Lorsque l’on demande aux opérateurs touristiques comment se porte le secteur au vu de l’actualité, ils répondent qu’ils aspiraient à une saison plus ou moins capable de sauver les meubles.

Or, la réalité est tout autre.  Avec l’assassinat du député Mohamed Brahmi, les explosions de bombes artisanales, le massacre des soldats au mont « Chaâmbi »,  les actes de terrorisme impactent sur  le tourisme: Le secteur est à l’agonie

Mohmade Ali Toumi Président de la Fédération Tunisienne des Agences de Voyages ( FTAV) rassure autant que faire se peut. « Il n’y a presque pas eu d’annulations, à part quelques groupes dans le cadre de tourisme d’affaires. On a également quelques soucis avec les Algériens et les Italiens. Mais ce qui est alarmant, c’est la suspension totale de réservations pour le reste de la saison. Zéro ventes, plus du tout de réservations! Ceci est un indice très négatif!”.

Bien que le gouvernement assure qu’il n’y a pas d’impact direct sur les réservations du mois d’août et qu’il soit encore trop tôt pour évaluer les répercussions, les opérateurs du secteur rient jaune de cette saison qui s’annonçait déjà pas très bonne à cause de ramadhan, de l’image négative du pays, de la crise en Europe, des indications d’éviter de quitter les hôtels, d’où l’abstention de choisir la destination.

Les commerçants sont d’autant plus inquiets car les assassins ne se contentent plus de liquidations ciblées, ils passent au meurtre en masse. Ils s’attaquent par exemple à La Goulette pour sa symbolique religieuse, mais aussi et surtout parce que c’est le cœur palpitant du tourisme de croisière. Autant dire une autre menace qui vaut son impact sur l’économie tunisienne qui plonge au plus bas avec une Bourse qui s’effondre et une chute sans précédent du dinar.

Mohamed est commerçant aussi à Hammamet. D’inquiet, il passe à paniqué et désespéré. Il avoue: «On attendait les Algériens. On espérait qu’ils vont venir mais avec ce nouvel assassinat et les récents évènements , cela est bien compromis ! Comment allons-nous nous en sortir? Comment allons-nous nourrir nos enfants et attendre jusqu’à la saison prochaine si toutefois il y en a…».

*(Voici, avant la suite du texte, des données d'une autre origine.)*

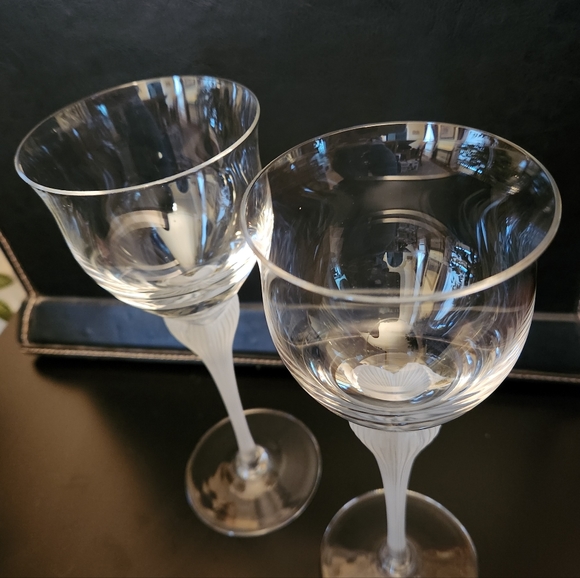 Mikasa Set of 2 Vintage Sea Mist Crystal Wine Glasses Frosted Ribbed Stems 9.25" - Picture 6 of 9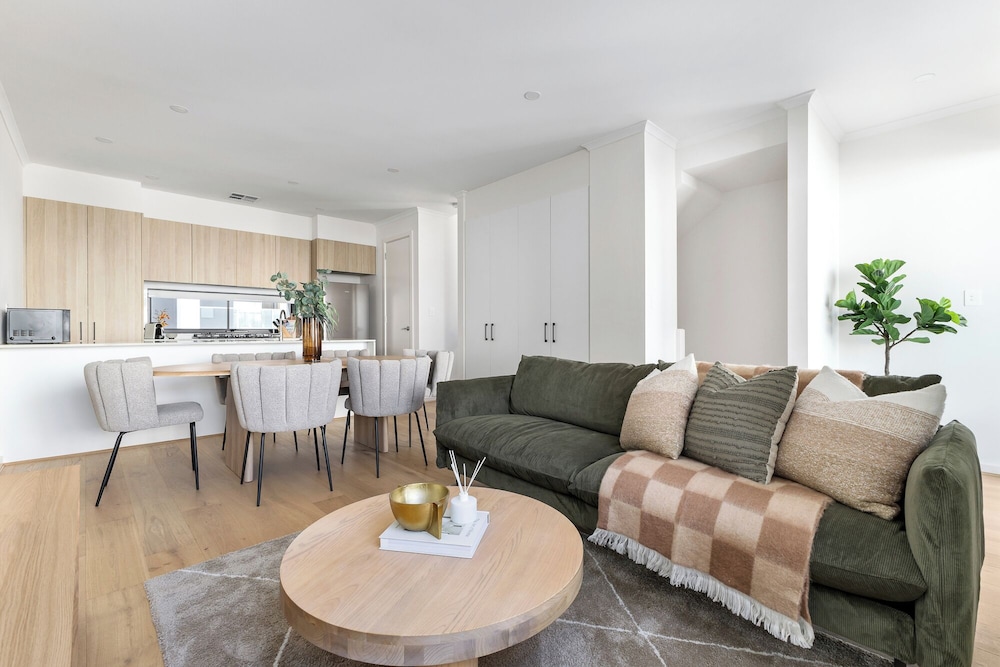 Stafford St Apartments by Urban Rest — 4-Star Luxury Hotel in Adelaide, Australia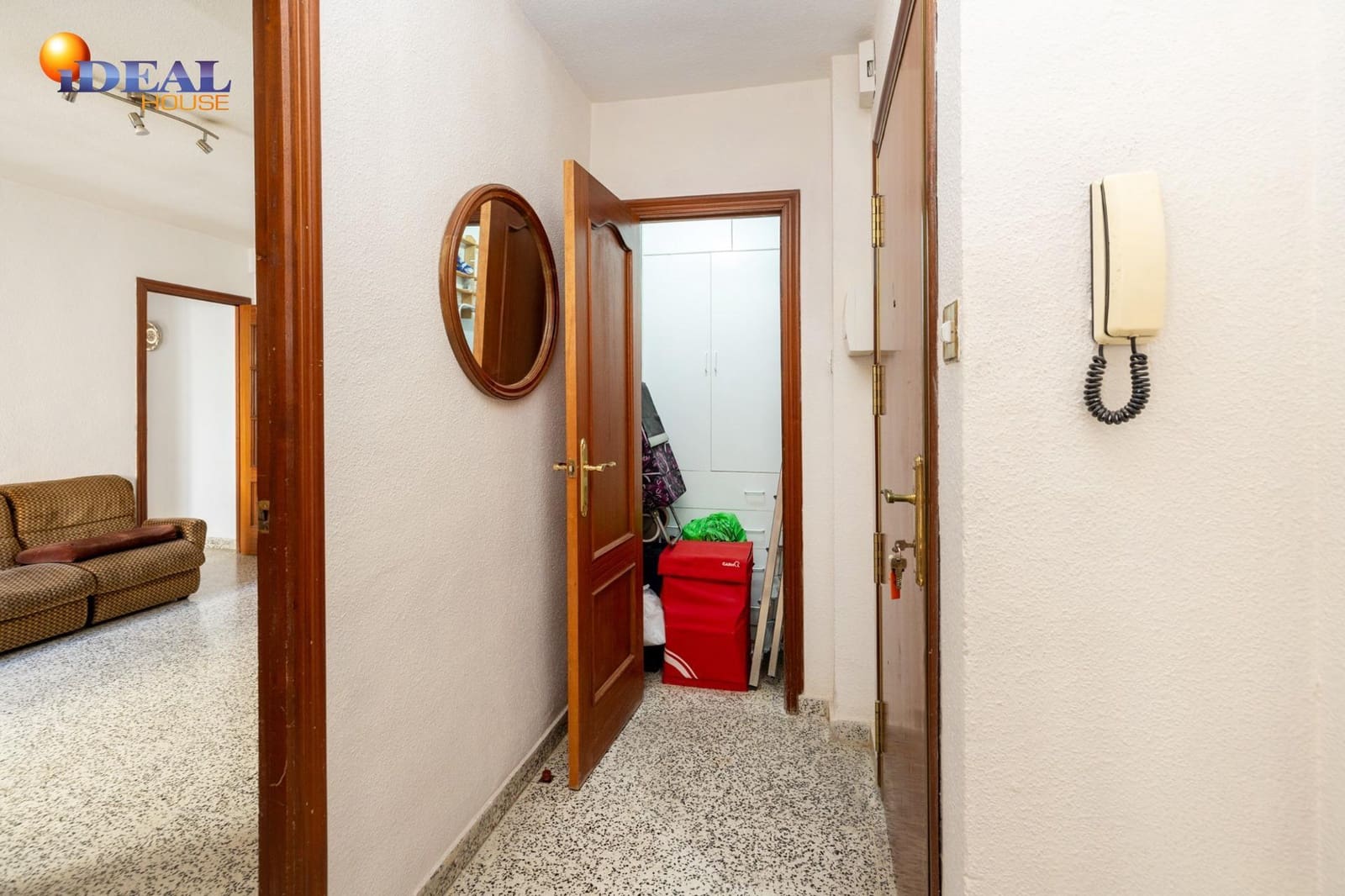 2 bedroom Flat for sale in Granada city - € 129,000 (Ref: 9434119)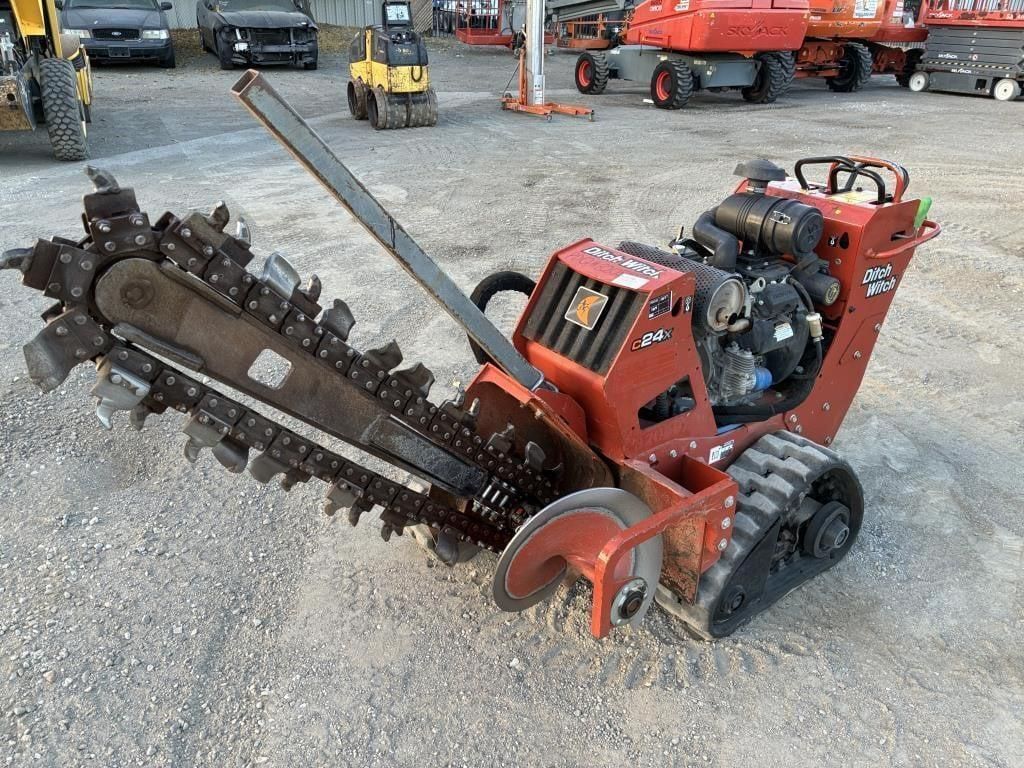 2017 Ditch Witch C24X Equipment Image0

Saisonnier, le tourisme tunisien fait le plus gros de son chiffre en haute saison, à savoir juillet et août. L’arrière-saison fait souvent la différence dans les réserves des entreprises et les poches du près d’un million et demi de gens qui vivent du tourisme. Mais elle aussi semble compromise au vu du contexte politique du pays. Entre la rentrée scolaire qui s’annonce chaude et la date du 23 octobre qui sera probablement très chahutée, la saison de la thalassothérapie, du tourisme golfique et culturel soulève déjà de grandes inquiétudes

Thomas est agent immobilier. Sa vision du quotidien va dans le même sens. Il n’en revient pas de cette saison blanche: «Je n’ai fait que quelques locations qui ne payent ni mes charges ni peuvent sauver mon entreprise. Comment vont faire les populations pour qui les locations saisonnières sont vitales pour clore leurs budgets de l’année…».

Farida se pose quant à elle des questions sur l’absence des Tunisiens résidents à l’étranger. Où sont-ils? Pourquoi ne viennent-ils pas?

Le tourisme paye de façon générale un lourd tribut à la phase de transition démocratique.Certains pensent que Hammamet en paye un plus lourd encore. Revanche des temps où la ville était la chouchoute de l’ancien régime ou conséquences de certaines manifestations spectaculaires comme celle de prédicateurs haineux, de manifestations de radicaux islamistes?

En attendant d’y voir plus clair, les opérateurs touristiques ont finis un mois de juillet morose. Il est, selon Mouna Ben Halima, hôtelière à Hammamet, «le pire depuis plus de 30 ans». Sousse et Mahdia se portent légèrement mieux alors que Djerba et Zarzis plongent et certains affichent jusqu’à -50% par rapport à l’année écoulée.

Le tourisme tunisien n’a pas fini de toucher le fond.

Maintenant serait-il décent de se poser des questions sur son état alors qu’une grande partie du pays se soulève contre une transition démocratique qui prend l’eau?